# Exploratory Data Analysis on RAW data

## Modules

In [1]:
import pandas as pd
import json
import fnmatch
import os
import re

## Variables

In [2]:
PATH_FOLDER_READ='01.Raw data/'
PATH_FOLDER_WRITE='02.Clean data/'

## Functions

In [3]:
def cleanNotes(s):
    s=re.sub(r"\[(.*?)\]",'',s)
    s.strip()
    return s

In [4]:
def cleanDates(s):
    s=re.search(r'\((.*?)\)',s).group(1)
    s.strip()
    return s

## Loop all Json file of folder

In [5]:
df_c = pd.DataFrame()

In [6]:
for file in os.listdir(PATH_FOLDER_READ):
    if fnmatch.fnmatch(file.upper(), '*.JSON'):
        print(file)
        
        # Read file
        with open(PATH_FOLDER_READ+file, 'r') as fp:
            data = json.load(fp)
        
        # Transform data into a DF
        df = pd.DataFrame.from_dict(data[0])
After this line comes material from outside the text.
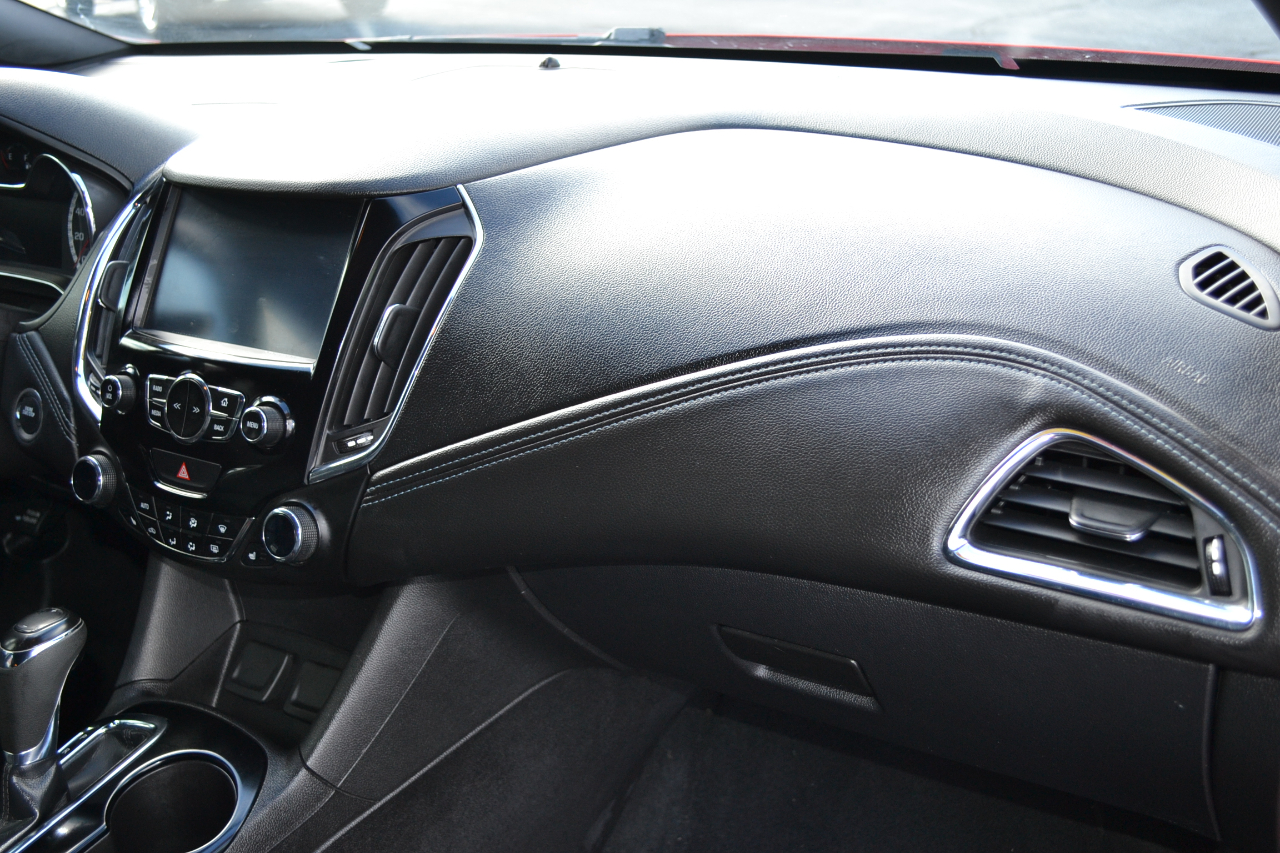 Chevrolet Cruze Premier Hatchback 2017 Chevrolet Cruze Premier Hatchback 2017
        # Headr on first row (ref https://stackoverflow.com/a/31328974/1008588)
        new_header = df.iloc[0]
        df = df[1:]
        df.columns = new_header
        
        # Clean Wikipedia notes reference (clean up of anything between square brackets)
        df.rename(columns=lambda c: re.sub(r"\[(.*?)\]",'',c), inplace=True)
        
        # Strip spaces in columns header
        df.rename(columns=lambda c: c.strip(), inplace=True)
        
        # Add Season number as new column
        df['No. Season'] = int(file[14:16])
        
        # Concat with existing DF df_c
        df_c= pd.concat([df_c, df])
df=df_c

Episodes_RAW_S10.json
Episodes_RAW_S06.json
Episodes_RAW_S26.json
Episodes_RAW_S30.json
Episodes_RAW_S31.json
Episodes_RAW_S27.json
Episodes_RAW_S07.json
Episodes_RAW_S11.json
Episodes_RAW_S16.json
Episodes_RAW_S01.json
Episodes_RAW_S17.json
Episodes_RAW_S21.json
Episodes_RAW_S34.json
Episodes_RAW_S22.json
Episodes_RAW_S18.json
Episodes_RAW_S02.json
Episodes_RAW_S14.json
Episodes_RAW_S15.json
Episodes_RAW_S03.json
Episodes_RAW_S19.json
Episodes_RAW_S23.json
Episodes_RAW_S28.json
Episodes_RAW_S04.json
Episodes_RAW_S12.json
Episodes_RAW_S32.json
Episodes_RAW_S24.json
Episodes_RAW_S08.json
Episodes_RAW_S09.json
Episodes_RAW_S25.json
Episodes_RAW_S33.json
Episodes_RAW_S13.json
Episodes_RAW_S05.json
Episodes_RAW_S29.json


In [7]:
# reset index
df.reset_index(inplace = True, drop = True)

In [8]:
df.head()

Unnamed: 0,No.overall,No. inseason,Title,Directed by,Written by,Original air date,Prod.code,U.S. viewers(millions),No. Season,Screenplay by,Release date(U.S.)
0,204,1,"""Lard of the Dance""",Dominic Polcino,Jane O'Brien,"August 23, 1998 (1998-08-23)",5F20,7[210],10,,
1,205,2,"""The Wizard of Evergreen Terrace""",Mark Kirkland,John Swartzwelder,"September 20, 1998 (1998-09-20)",5F21,7.95[211],10,,
2,206,3,"""Bart the Mother""",Steven Dean Moore,David X. Cohen,"September 27, 1998 (1998-09-27)",5F22,7.35[212],10,,
3,207,4,"""Treehouse of Horror IX""",Steven Dean Moore,Donick CaryLarry DoyleDavid X. Cohen,"October 25, 1998 (1998-10-25)",AABF01,8.5[213],10,,
4,208,5,"""When You Dish Upon a Star""",Pete Michels,Richard Appel,"November 8, 1998 (1998-11-08)",5F19,9[214],10,,


## Manage specific cases

### Delete The Simpsons movie

In [9]:
df.loc[df['Title'] == 'The Simpsons Movie']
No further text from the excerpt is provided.